On the other hand, suppose that it leaks that the FBI has learned that there is new, relevant evidence that is potentially significant and inculpatory against Hillary Clinton, but is refusing to take any action or disclose it until after the election. That’s a better narrative for Trump than Comey disclosing the information immediately and making clear that the FBI does not know yet what the emails contain. One scenario suggests secrecy and possible corruption and is the strongest possible reinforcement of the Trump narrative that the system is rigged. The other suggests that government is functioning professionally and properly.
According to the statements of various federal prosecutors, it is customary for federal agencies to remain scrupulously neutral and to avoid any direct intervention in the electoral process for 60 days before the election.

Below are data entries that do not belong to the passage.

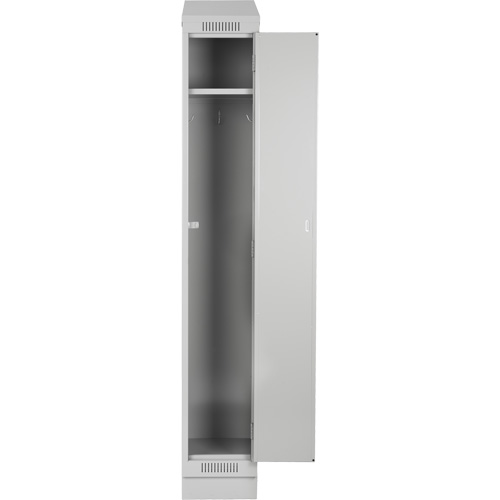 Clean Line Lockers, 15" x 15" x 72", Steel, Beige, Rivet (Assembled) NTL Industrial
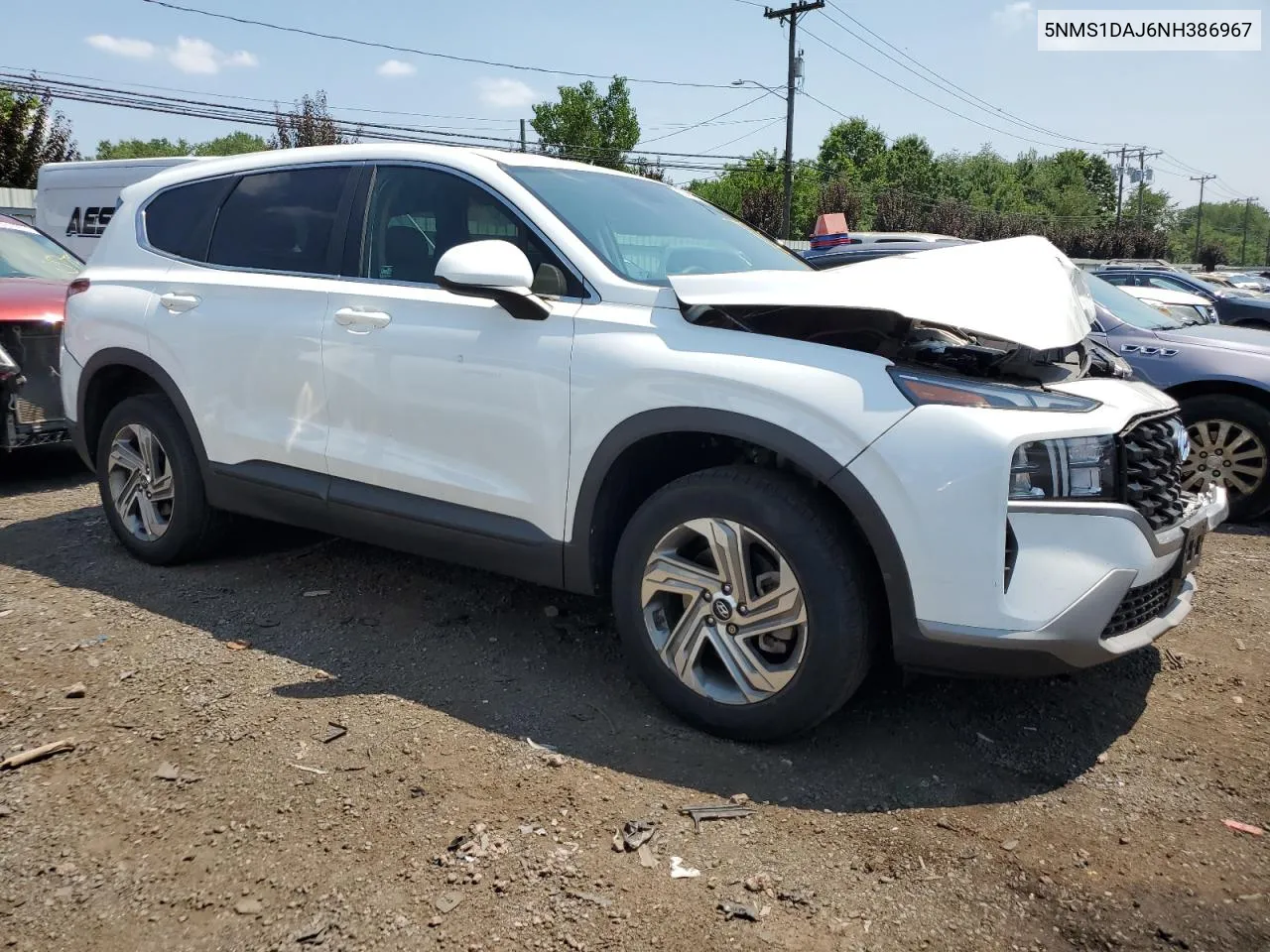 2022 Hyundai Santa Fe Se VIN: 5NMS1DAJ6NH386967 Lot: 62485124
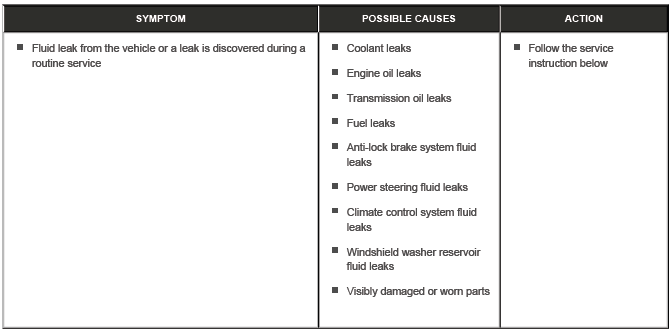 GENERAL PROCEDURE - FLUID LEAK DETECTION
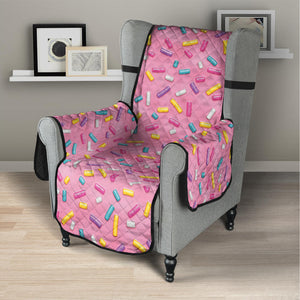 Cute Candy Pattern Print Armchair Protector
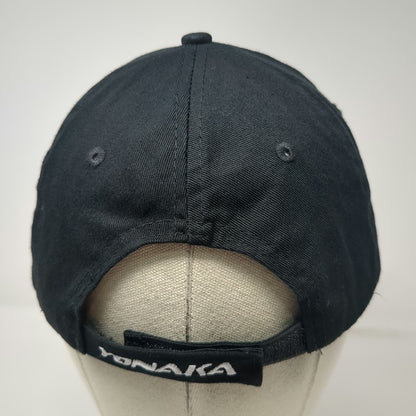Yonaka Motorsports Baseball Cap Black One Size Strapback Red White Logo Hat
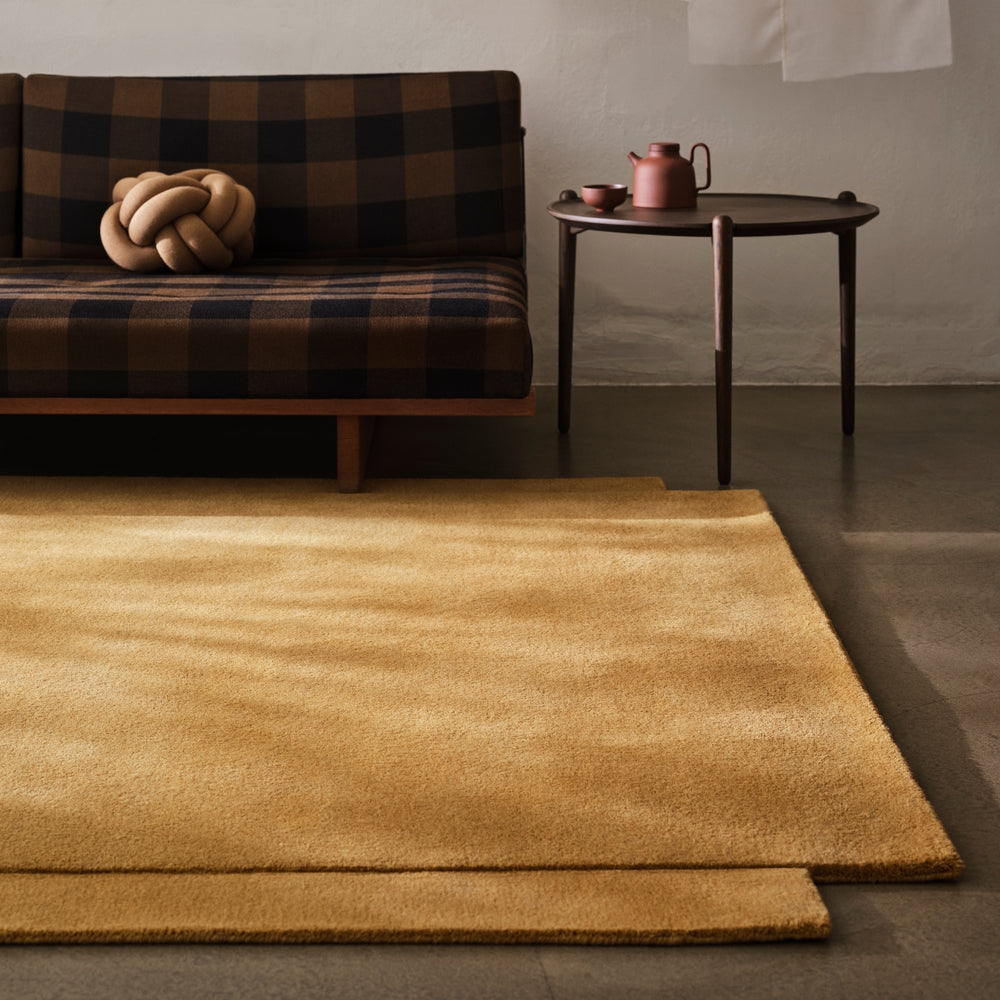 Design House Stockholm Level Wool Rug Yellow Ochre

What we have now is a charge that is highly inflammatory that contains no facts, no evidence, no findings, and no means of rebuttal.
I suppose if both candidates were equally qualified, I would not care so much. But they are not.
No need to rehearse Trump’s well-known ignorance, bigotry, fraudulence, misogyny, xenophobia, incipient fascism. If he were elected, I fear for our nation and the world. He is uniquely unqualified and unfit.
After some reflection, I think you may be right. It’s definitely a lose lose proposition for Comey, though.
Comey should have done the complete investigation last July.
Okay, so the FBI director feels compelled to inform the chairmen of these relevant House committees. Under what circumstance should a committee chair or member of a committee be releasing information that has not been determined to be relevant? To talk about transparency is a little disingenuous since committees do not routinely release information about committee work or correspondence nor should they. At this point to make public this information was designed for purely political purposes. It serves no useful function as a government function and provides no actionable information to the public. If the information came directly from the FBI director, he has no business releasing it publicly. Here we sit with no idea what this information is, but people are immediately assuming that where there is smoke there must be fire. How many more emails are going to appear from various sources?
Read this link: http://www.politico.com/story/2016/10/ex-doj-spokesman-blast-james-comey-230459
I just heard Hillary speaking about the letter. It was my understanding that it was sent exclusively to House Republicans?
Comey letter was sent to the Republican chairmen of relevant committees.
Since when does FBI announce an investigation with neither facts nor findings?
Re: what the FBI is investigating, it’s investigating the same thing it’s always been investigating: Hillary Clinton’s use of a private server for emails while serving as Secretary of State, and whether she used a private server to send or receive classified information. It’s a reopening of the original investigation. It is clearly a CYA move by the FBI, but as I see it, any other decision would be highly fraught.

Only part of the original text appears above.